There are a huge amount of things that could have gone wrong with the profiling of the feeds/sources.

The very first reason why things did not work out as expected could have been that all these signals indicating the quality of a page given the RSS feed or the quality of an article with respect to another are not "clean" signals:

Selling ads — It is not a secret that the main purpose of Google is selling ads. Every application of Google, to be freely available, needs to re-pay itself displaying ads that the users can click. Even Google Mail displays ads to the users.

In the case of Google Reader, the ads could be related to what the user is reading: reading about music? What about some nice tickets for the concert of X?

Moreover, since a user is logged in the information coming from the Google Reader can be leveraged to sell the ads during the web search or in other products by Google. If the user reads about some specific sport champion in the RSS feeds and then goes to the web search looking for a pair of shoes, one of the options is to show the ads from the sponsor of the sport(wo)man. in this way, the user would be more prone in clicking the ads of a brand that is related to something that he already knows.

This last point is not sci-fi and it can be achieved creating an ontology relating people to products/brands like: Torres ⇒ Chelsea FC ⇒ Samsung. All these pieces of information are already available on the web and they just need to be composed and cleaned maybe using as a base cleaner datasets such as Wikipedia. Even simpler associations could be made using more direct knowledge of the things already seen: if the user is reading some news about Apple, why not proposing when looking for a laptop online to buy a MacBook?

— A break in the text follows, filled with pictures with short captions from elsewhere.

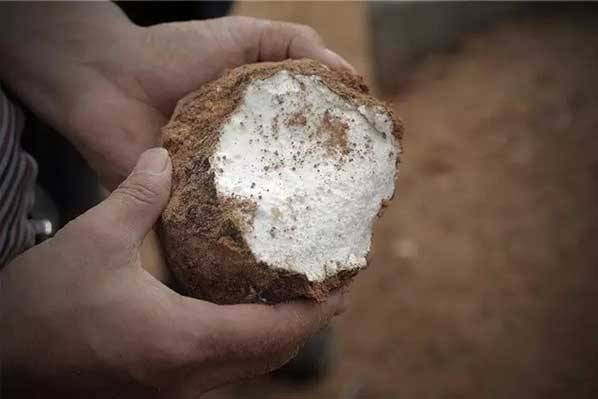 茯苓干燥易碎裂吸濕怎么辦?茯苓烘干機助力企業(yè)規(guī)模化生產(chǎn)!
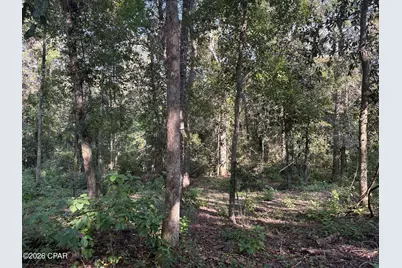 240 Mockingbird Lane, Chattahoochee, FL 32324 - Photo 73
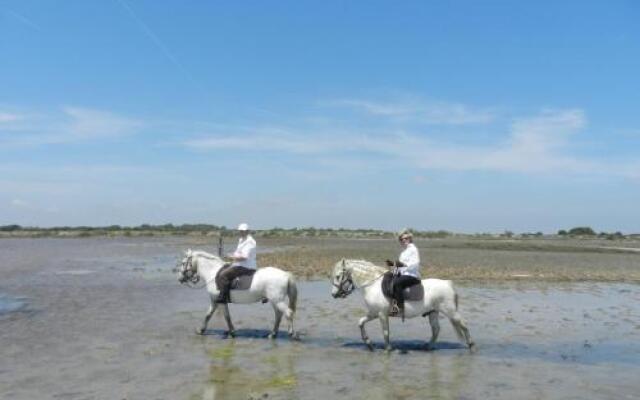 Hôtel Mas de la Grenouillère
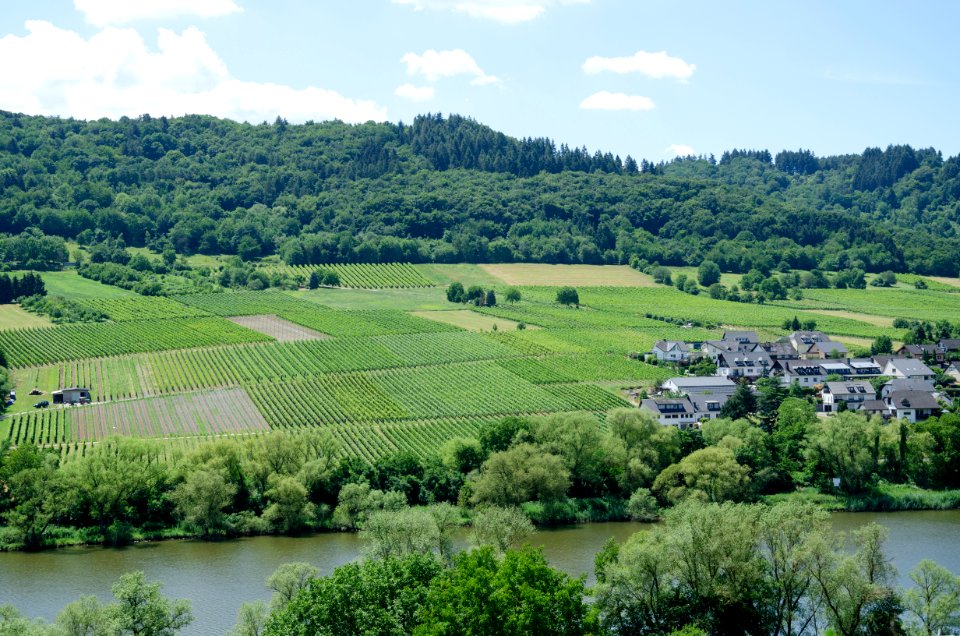 Vineyards by the Mosel jun 2018 (3)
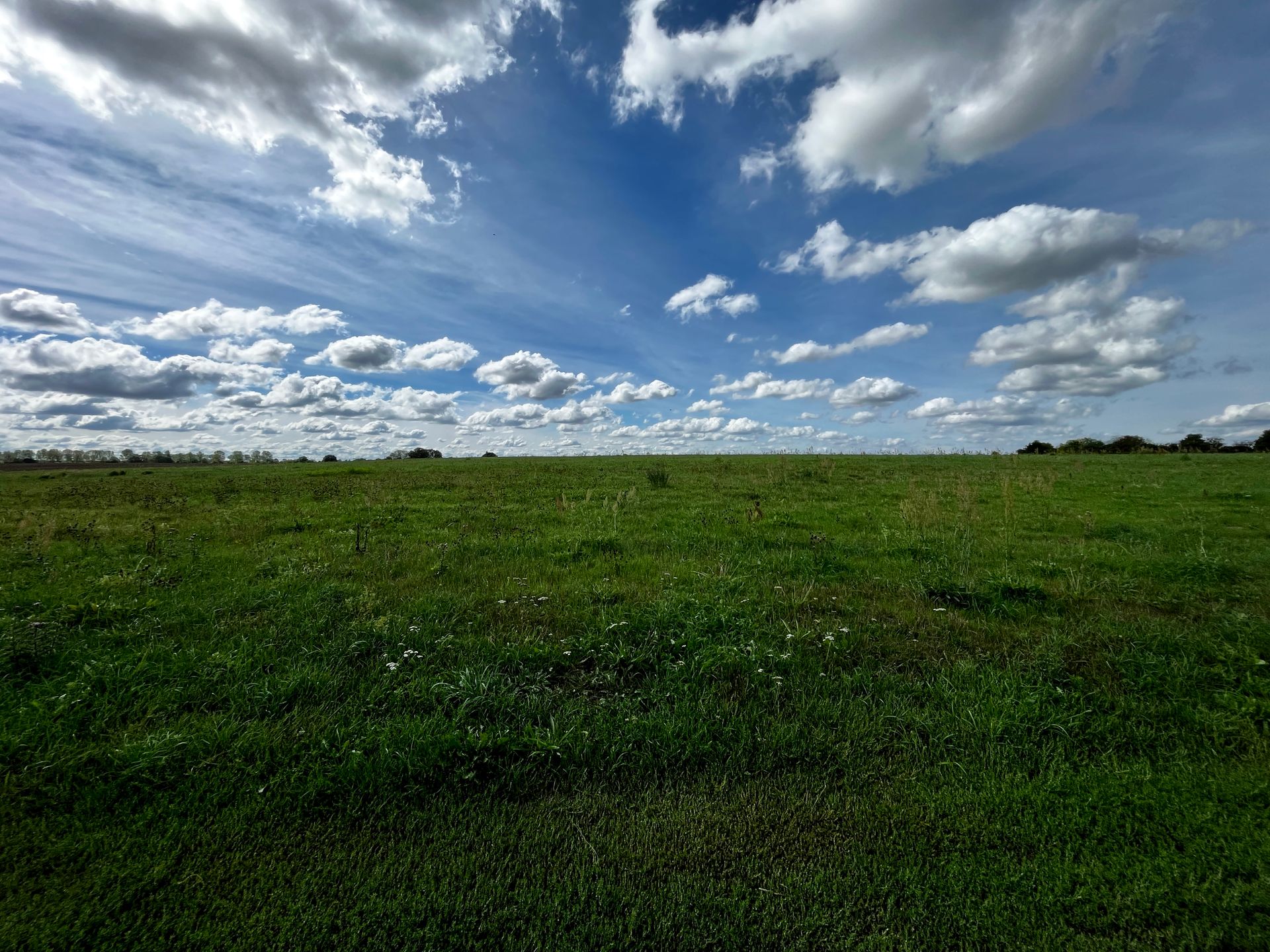 Bild von Ruhiges Baugrundstück mit unverbaubarem Blick – Bernau Nibelungen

Such an association can be made easily with a rule of the type "if the ad contains one of the keywords of the articles that the user reads more frequently, boost it" and obtaining a list of such keywords is something that Google knows how to do very well in web search already.

In this case, the problems are more "political" than technical.

The largest part of the information that is consumed on Google Reader are news and news are damn difficult to monetize. There are mainly two reasons why this is damn difficult:

  1. You risk a real tragedy from the PR point of view.
  2. You risk to sell ads on top of someone else's business.

For the first one, let's imagine that the user is reading an article about the massacre at in Aurora, Colorado, at the theater where the latest Batman movie was projected. Let's imagine that the ads in Google Reader are related to "Buy a house in Aurora" or "Buy Batman movies" or "Visit Colorado". You probably got it yourself now and you can try to imagine all the possible inappropriate advertisements related to the latest news that you read online or on a newspaper today.

For the second one, if you go to any newspaper online, you can find that they have ads on their pages. Makes sense: they produce the content and they have to monetize that and they can cherry pick what not to monetize in order not to fall into the case above. The problem is that every time that a user uses Google Reader and reads an article on the page, there is a certain probability that he will not go to the page of the newspaper. This is upsetting enough for a newspaper but it would be even more if Google would get their money as well.

These are the reason why, if I would be Google, I would not place ads on Google News either.

The motivation of point two is also a good explanation why newspapers usually provide only a short description of the article and (almost) never the full text. If they would offer that all in the feed, people would not need anymore to go to the newspaper page and so they would self-reduce the chance of having their ads clicked. Google Reader could potentially expand the information in the feed with the full page in order provide the complete content to the users but they already have some issues with the newspapers and probably they do not want to get that worse (for instance see here).

That's all for now. If something else will arrive into my mind, I will share.